┌─ STORED DATA

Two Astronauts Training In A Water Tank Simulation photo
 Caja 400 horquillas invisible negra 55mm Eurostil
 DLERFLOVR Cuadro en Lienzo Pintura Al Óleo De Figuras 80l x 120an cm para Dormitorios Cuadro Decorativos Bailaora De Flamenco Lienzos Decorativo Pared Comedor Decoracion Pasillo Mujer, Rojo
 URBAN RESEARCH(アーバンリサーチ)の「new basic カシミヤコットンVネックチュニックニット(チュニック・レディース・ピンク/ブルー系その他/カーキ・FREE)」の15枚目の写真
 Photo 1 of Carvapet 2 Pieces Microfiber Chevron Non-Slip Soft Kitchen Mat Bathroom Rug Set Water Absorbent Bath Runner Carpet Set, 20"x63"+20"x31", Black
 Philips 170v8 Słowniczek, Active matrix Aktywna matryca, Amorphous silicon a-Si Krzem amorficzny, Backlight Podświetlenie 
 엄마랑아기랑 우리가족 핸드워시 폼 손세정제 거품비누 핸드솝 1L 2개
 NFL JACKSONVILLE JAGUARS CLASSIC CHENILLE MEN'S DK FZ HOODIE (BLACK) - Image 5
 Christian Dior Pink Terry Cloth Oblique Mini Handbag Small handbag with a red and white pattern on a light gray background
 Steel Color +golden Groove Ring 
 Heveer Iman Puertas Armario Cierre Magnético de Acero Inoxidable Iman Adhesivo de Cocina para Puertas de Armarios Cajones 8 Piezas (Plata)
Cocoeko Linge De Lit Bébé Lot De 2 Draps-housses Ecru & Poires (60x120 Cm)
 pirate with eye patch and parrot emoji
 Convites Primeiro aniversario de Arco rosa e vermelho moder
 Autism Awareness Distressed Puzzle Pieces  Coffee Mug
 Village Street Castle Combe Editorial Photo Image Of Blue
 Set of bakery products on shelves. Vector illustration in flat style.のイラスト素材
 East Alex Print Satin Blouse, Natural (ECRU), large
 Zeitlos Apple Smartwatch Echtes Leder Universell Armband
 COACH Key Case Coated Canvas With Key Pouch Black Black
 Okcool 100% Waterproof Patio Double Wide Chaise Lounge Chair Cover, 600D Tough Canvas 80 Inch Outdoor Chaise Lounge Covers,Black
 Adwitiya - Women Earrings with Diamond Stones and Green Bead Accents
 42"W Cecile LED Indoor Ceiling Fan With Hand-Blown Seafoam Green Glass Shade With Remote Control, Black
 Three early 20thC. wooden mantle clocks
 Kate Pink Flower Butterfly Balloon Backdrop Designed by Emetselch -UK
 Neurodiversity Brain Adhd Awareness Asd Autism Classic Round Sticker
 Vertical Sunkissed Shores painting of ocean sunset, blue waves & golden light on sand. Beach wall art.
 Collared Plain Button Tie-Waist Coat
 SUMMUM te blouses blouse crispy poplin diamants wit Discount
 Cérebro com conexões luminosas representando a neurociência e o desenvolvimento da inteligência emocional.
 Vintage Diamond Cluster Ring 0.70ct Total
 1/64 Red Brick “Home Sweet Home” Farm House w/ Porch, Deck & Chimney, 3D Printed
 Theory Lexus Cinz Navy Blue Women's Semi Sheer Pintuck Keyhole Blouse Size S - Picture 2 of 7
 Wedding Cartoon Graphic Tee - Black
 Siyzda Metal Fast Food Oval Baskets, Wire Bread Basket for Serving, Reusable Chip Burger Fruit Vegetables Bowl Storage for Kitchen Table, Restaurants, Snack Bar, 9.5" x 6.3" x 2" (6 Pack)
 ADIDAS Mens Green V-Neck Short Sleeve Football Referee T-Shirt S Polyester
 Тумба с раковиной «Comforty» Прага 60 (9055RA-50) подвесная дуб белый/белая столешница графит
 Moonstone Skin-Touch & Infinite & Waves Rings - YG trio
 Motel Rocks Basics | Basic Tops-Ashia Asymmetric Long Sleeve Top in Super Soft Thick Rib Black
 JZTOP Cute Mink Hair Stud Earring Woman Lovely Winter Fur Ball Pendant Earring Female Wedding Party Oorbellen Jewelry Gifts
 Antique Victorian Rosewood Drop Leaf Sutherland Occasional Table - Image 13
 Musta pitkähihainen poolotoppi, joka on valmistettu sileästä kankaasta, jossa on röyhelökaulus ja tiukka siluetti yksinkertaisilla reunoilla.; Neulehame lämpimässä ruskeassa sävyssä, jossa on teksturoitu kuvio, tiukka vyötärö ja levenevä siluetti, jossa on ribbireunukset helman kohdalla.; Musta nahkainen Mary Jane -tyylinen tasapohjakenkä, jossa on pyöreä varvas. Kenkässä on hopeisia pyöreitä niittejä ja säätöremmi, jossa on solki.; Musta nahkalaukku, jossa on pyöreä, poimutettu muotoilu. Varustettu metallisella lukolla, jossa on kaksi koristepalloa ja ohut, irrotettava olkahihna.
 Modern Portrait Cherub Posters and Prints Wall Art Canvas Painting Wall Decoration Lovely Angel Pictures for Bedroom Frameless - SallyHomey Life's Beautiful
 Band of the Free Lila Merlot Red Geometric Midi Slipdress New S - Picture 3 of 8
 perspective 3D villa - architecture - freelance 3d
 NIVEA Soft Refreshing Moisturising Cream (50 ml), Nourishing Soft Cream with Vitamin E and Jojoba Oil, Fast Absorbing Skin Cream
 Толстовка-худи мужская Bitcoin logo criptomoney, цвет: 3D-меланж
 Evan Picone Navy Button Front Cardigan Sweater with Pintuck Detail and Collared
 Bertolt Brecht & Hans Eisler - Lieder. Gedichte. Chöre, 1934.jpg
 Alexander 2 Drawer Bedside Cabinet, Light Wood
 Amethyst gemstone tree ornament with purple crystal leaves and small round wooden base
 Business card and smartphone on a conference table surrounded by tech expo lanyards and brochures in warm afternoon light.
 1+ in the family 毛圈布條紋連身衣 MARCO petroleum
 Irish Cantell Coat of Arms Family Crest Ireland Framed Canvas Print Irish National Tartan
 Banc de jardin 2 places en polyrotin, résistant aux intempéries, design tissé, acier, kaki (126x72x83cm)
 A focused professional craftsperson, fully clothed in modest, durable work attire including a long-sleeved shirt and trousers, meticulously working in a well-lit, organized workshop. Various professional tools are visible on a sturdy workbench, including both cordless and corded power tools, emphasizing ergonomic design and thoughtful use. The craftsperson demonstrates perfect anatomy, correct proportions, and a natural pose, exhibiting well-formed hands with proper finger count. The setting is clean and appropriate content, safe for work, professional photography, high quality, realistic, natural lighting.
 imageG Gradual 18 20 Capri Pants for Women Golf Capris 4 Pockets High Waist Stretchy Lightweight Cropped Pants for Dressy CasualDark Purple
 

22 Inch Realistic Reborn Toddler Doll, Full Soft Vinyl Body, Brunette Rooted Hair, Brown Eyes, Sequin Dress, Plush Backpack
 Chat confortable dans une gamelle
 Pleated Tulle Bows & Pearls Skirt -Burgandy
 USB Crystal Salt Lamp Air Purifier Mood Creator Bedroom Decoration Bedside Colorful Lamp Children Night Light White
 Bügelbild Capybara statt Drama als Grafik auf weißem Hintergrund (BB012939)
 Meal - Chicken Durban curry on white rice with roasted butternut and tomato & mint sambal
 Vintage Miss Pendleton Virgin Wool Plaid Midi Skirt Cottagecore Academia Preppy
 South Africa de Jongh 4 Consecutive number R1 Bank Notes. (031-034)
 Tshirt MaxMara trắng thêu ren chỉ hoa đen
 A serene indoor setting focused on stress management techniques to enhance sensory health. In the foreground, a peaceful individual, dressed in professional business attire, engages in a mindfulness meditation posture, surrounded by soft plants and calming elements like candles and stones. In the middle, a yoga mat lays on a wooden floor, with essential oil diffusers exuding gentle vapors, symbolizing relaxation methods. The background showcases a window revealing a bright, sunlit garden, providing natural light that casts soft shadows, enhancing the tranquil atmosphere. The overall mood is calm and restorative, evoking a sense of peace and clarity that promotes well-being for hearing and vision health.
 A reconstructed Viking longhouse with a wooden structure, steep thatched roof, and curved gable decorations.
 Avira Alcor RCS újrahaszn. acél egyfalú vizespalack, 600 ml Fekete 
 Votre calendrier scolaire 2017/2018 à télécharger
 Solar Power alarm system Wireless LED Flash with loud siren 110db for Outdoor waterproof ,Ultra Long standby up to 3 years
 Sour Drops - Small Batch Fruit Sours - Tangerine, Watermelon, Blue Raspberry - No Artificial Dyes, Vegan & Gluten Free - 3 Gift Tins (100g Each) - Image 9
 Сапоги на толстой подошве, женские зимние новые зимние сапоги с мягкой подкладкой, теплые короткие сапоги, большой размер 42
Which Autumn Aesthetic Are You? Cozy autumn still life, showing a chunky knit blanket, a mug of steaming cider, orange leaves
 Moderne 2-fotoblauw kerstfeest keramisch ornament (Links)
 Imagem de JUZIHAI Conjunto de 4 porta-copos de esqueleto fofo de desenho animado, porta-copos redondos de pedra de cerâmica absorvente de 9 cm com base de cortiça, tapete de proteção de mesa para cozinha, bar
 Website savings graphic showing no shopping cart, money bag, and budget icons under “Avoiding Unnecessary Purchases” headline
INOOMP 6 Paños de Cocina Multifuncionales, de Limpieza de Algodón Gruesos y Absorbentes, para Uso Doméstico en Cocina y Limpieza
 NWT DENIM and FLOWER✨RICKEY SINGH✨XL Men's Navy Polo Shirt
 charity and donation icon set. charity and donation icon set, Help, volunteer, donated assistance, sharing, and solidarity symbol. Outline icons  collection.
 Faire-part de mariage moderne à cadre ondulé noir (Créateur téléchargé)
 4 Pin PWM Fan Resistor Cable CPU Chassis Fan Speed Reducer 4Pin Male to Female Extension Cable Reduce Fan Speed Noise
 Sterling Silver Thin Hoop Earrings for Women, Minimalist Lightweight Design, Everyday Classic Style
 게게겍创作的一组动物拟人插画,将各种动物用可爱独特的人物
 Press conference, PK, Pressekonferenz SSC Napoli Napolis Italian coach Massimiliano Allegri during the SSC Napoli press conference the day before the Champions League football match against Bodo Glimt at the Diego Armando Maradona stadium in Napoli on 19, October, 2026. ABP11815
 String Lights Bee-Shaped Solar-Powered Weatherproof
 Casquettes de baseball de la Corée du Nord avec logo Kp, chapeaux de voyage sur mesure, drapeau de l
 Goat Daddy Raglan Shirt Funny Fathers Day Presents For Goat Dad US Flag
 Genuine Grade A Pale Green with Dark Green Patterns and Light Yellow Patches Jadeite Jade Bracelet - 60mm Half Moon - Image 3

└─

Return only the number of lines in the listing that contain the string "Pintuck".

2